### THE TASK
Only the lines below from the one containing "Kisworo, Sebastian 14x12" through the one containing "Game on Sport" belong in the answer, set down exactly, with the pictures left out.

Brief descriptive captions
--------
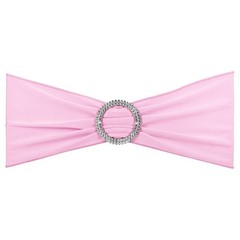 10Pcs 14″x5″ Stretch Chair Sashes Bows Chair Bands Sash with Buckle Pink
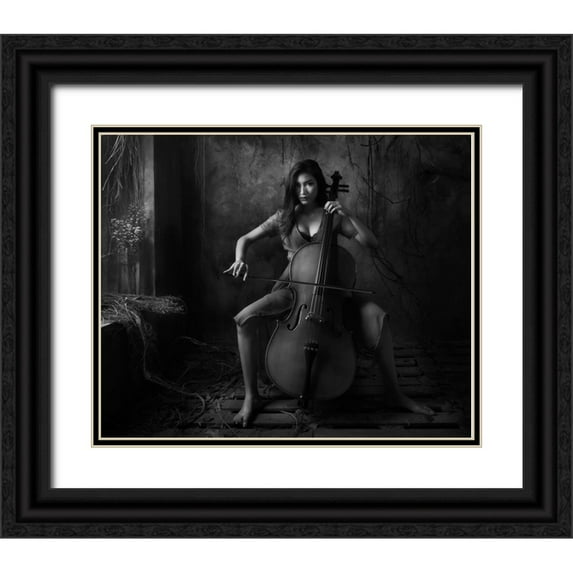 Kisworo, Sebastian 14x12 Black Ornate Wood Framed with Double Matting Museum Art Print Titled - The Cellist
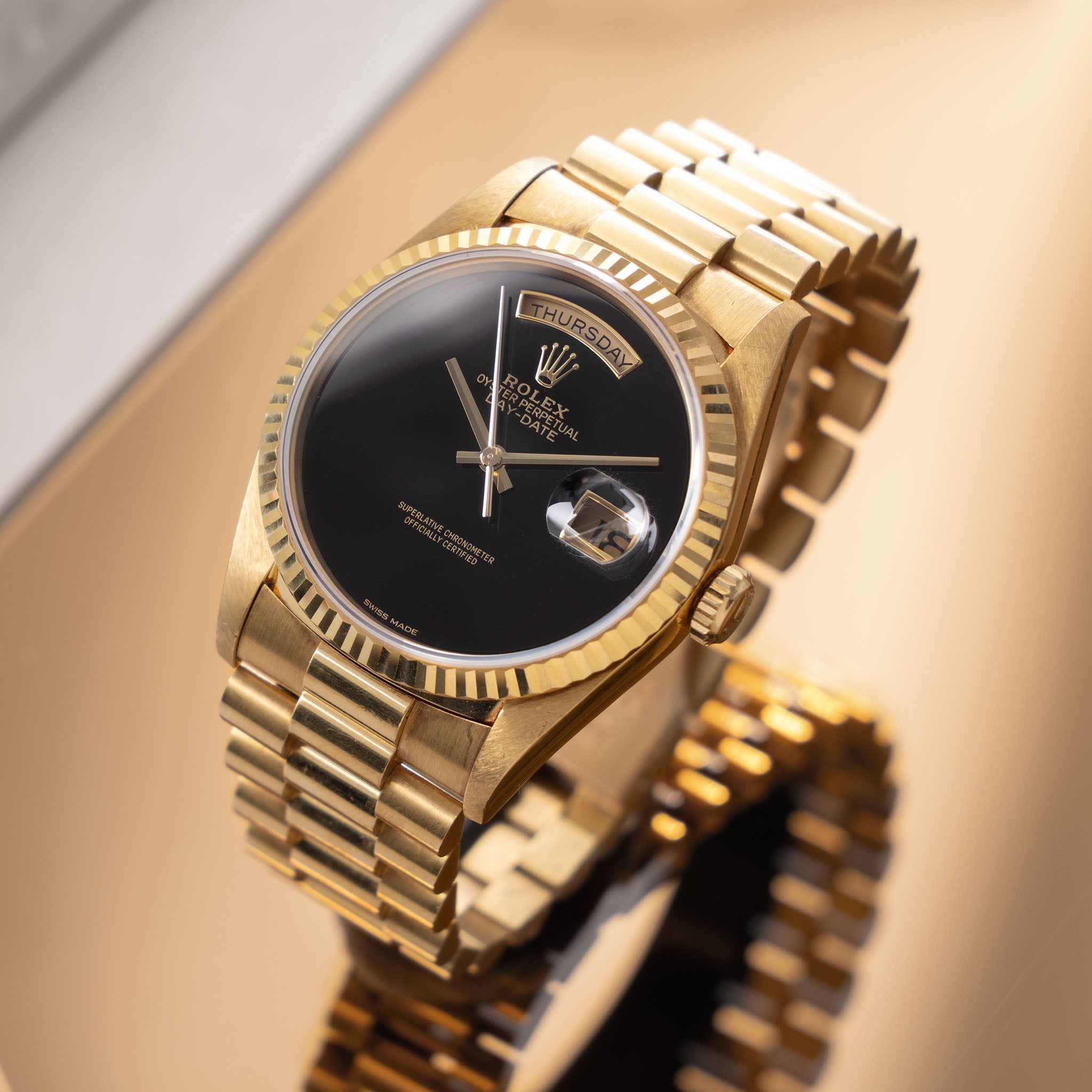Rolex Day- date Onyx dial box paper set Rolex Geneva service ref 18238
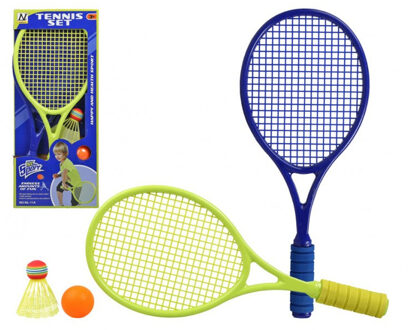 Game on Sport Tennisset/badmintonset voor kinderen blauw/groen met bal en shuttle 46 cm - Badmintonsets Multikleur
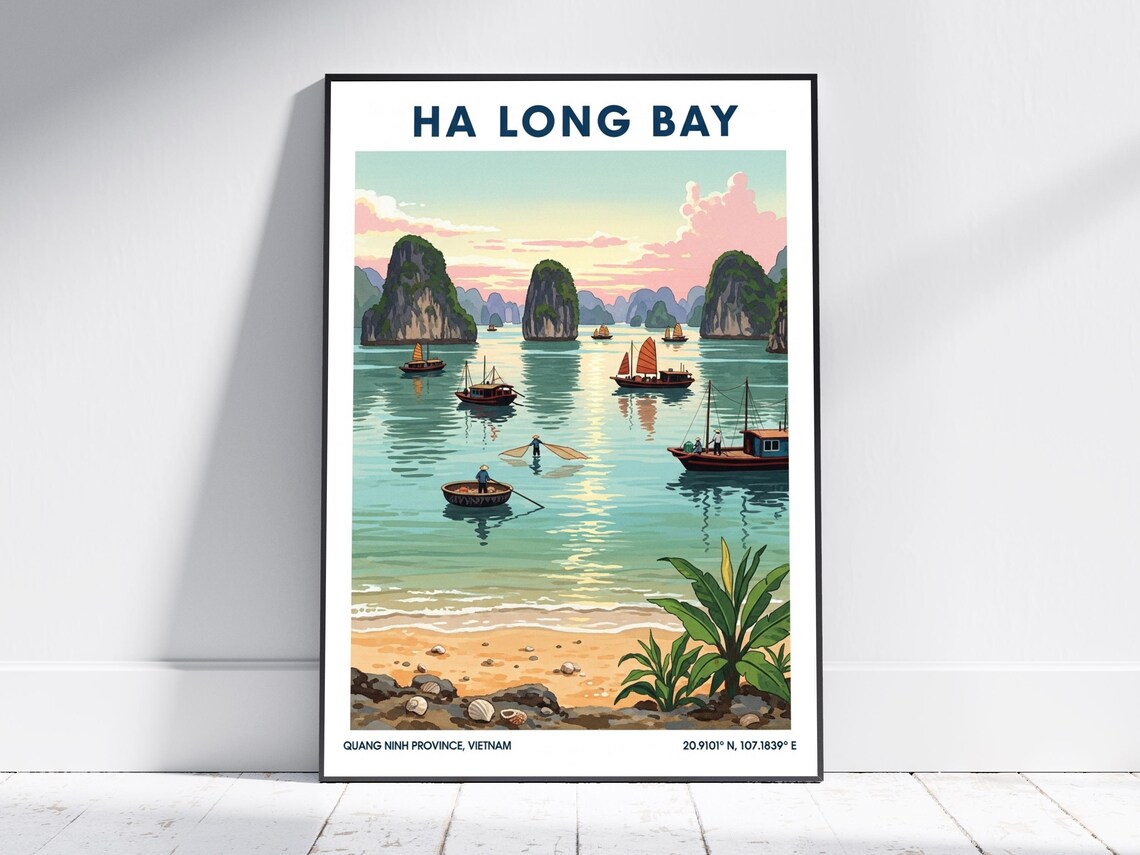 Ha Long Bay Vietnam Limestone Karsts Junk Boats Travel Poster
--------
### OUTPUT OF THE EXERCISE
 Kisworo, Sebastian 14x12 Black Ornate Wood Framed with Double Matting Museum Art Print Titled - The Cellist
Rolex Day- date Onyx dial box paper set Rolex Geneva service ref 18238
 Game on Sport Tennisset/badmintonset voor kinderen blauw/groen met bal en shuttle 46 cm - Badmintonsets Multikleur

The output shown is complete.